• Your task
Copy exactly, and only, the lines from the one with "3.4mm HSI2 Diamond" to the end of the listing; omit pictures.

• Supplied data
┄┄┄┄┄┄┄┄┄┄

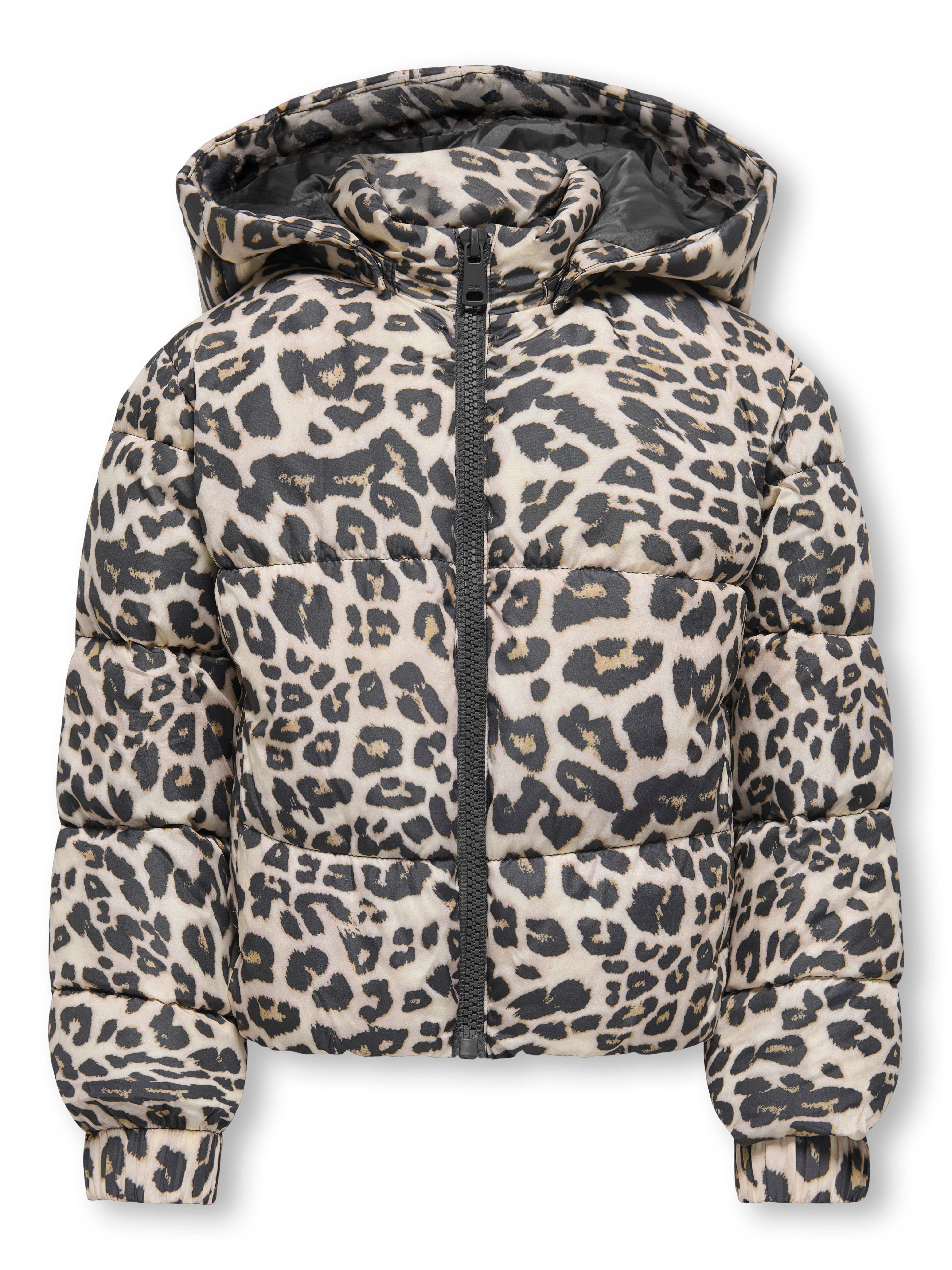 Only Mini Dalia Short Puf Jacket - Silver Mink/Leo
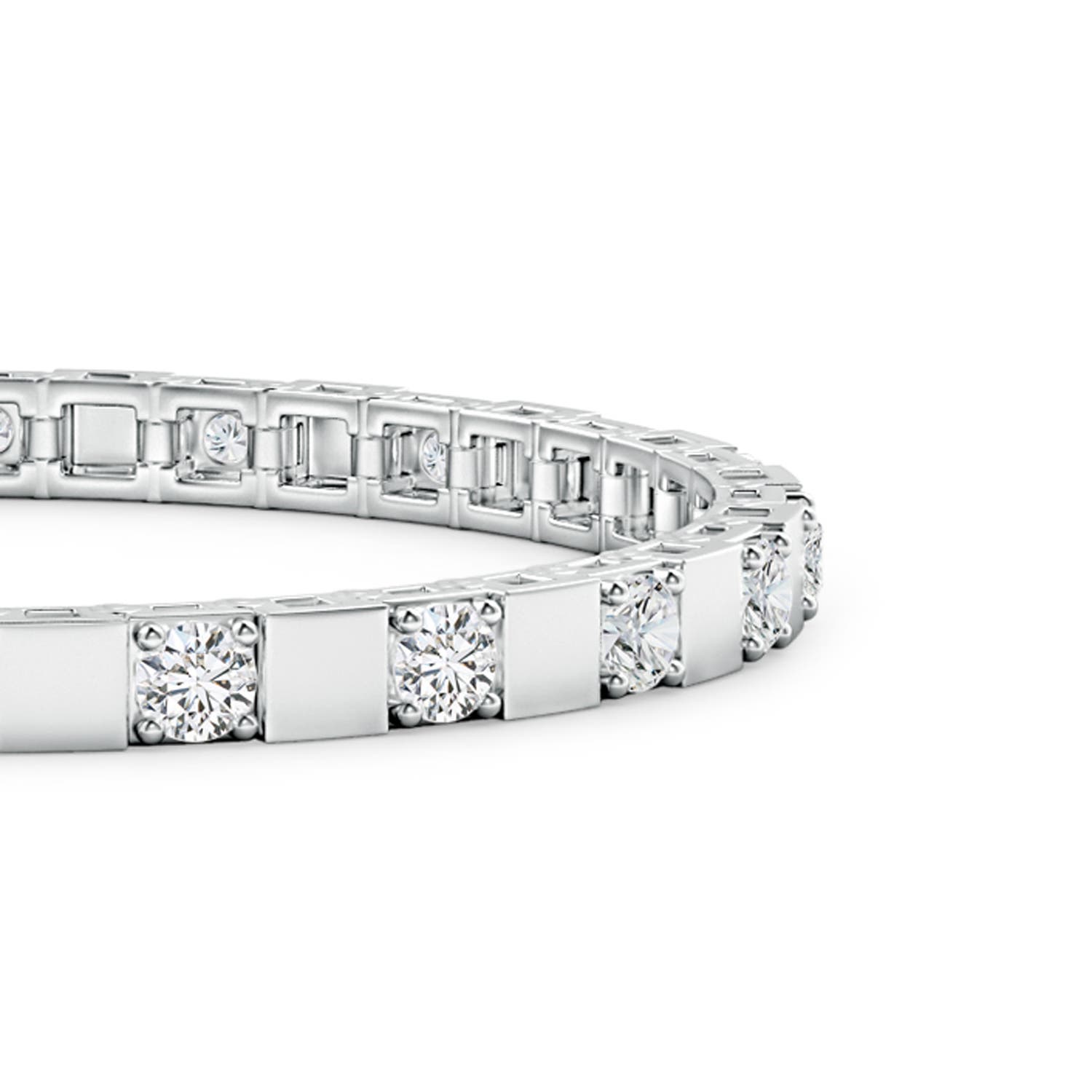 3.4mm HSI2 Diamond Square Link Stackable Bracelet in White Gold - side 1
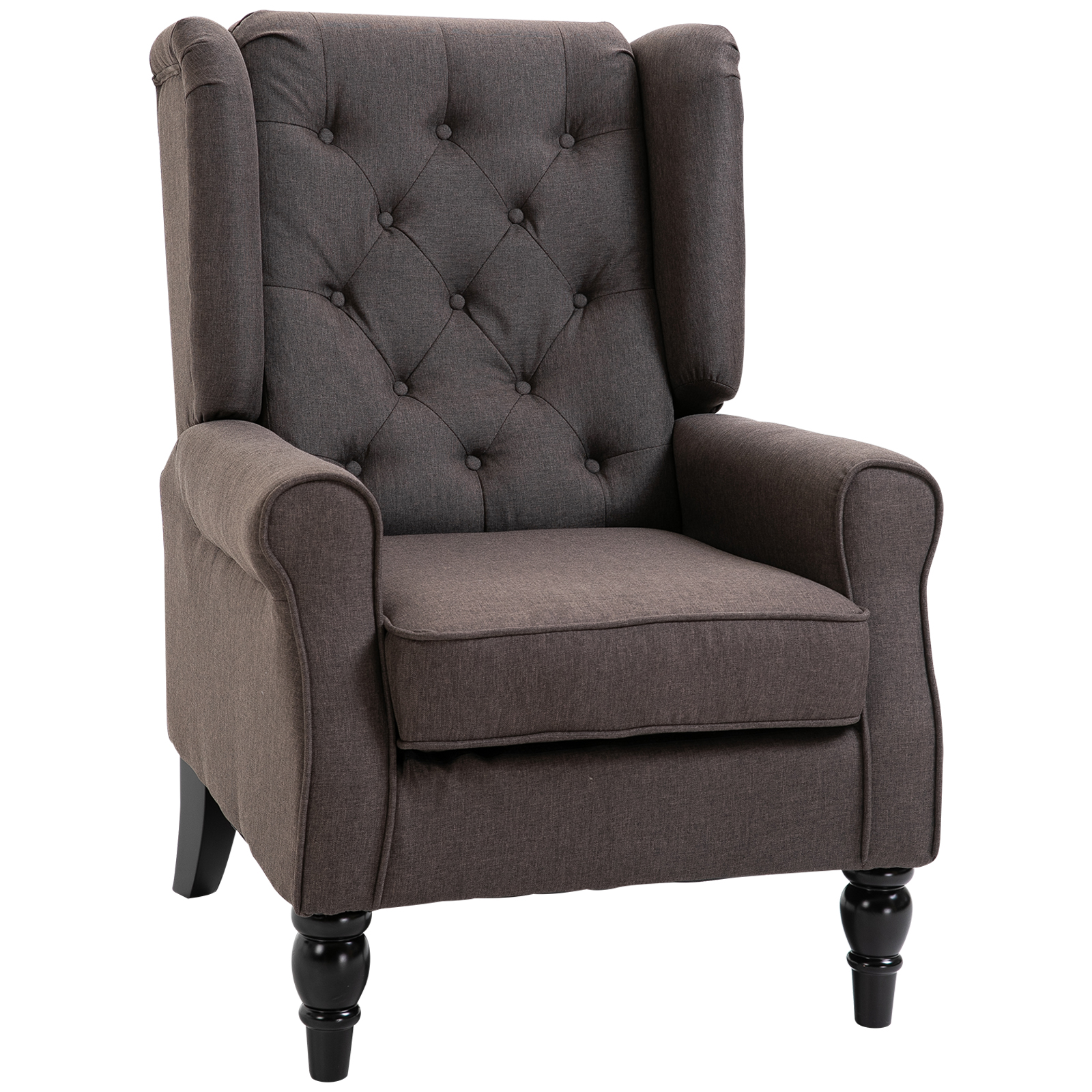 HOMCOM Wingback Accent Chair for Living Room, Button-Tufted Lounge Chair with Round Armrests and Wood Legs, Dark Brown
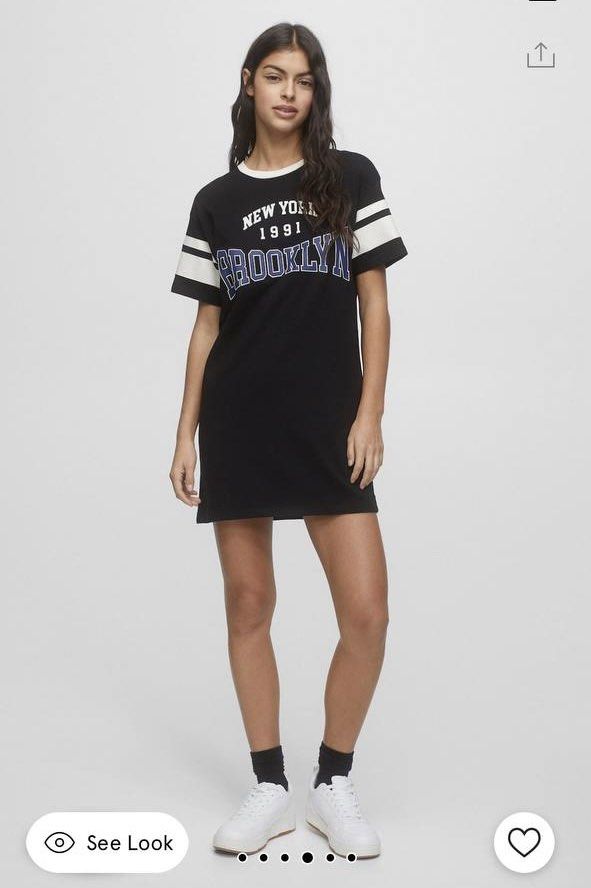 Pull Bear Varsity T Shirt Dress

┄┄┄┄┄┄┄┄┄┄

• Output of the exercise
 3.4mm HSI2 Diamond Square Link Stackable Bracelet in White Gold - side 1
 HOMCOM Wingback Accent Chair for Living Room, Button-Tufted Lounge Chair with Round Armrests and Wood Legs, Dark Brown
 Pull Bear Varsity T Shirt Dress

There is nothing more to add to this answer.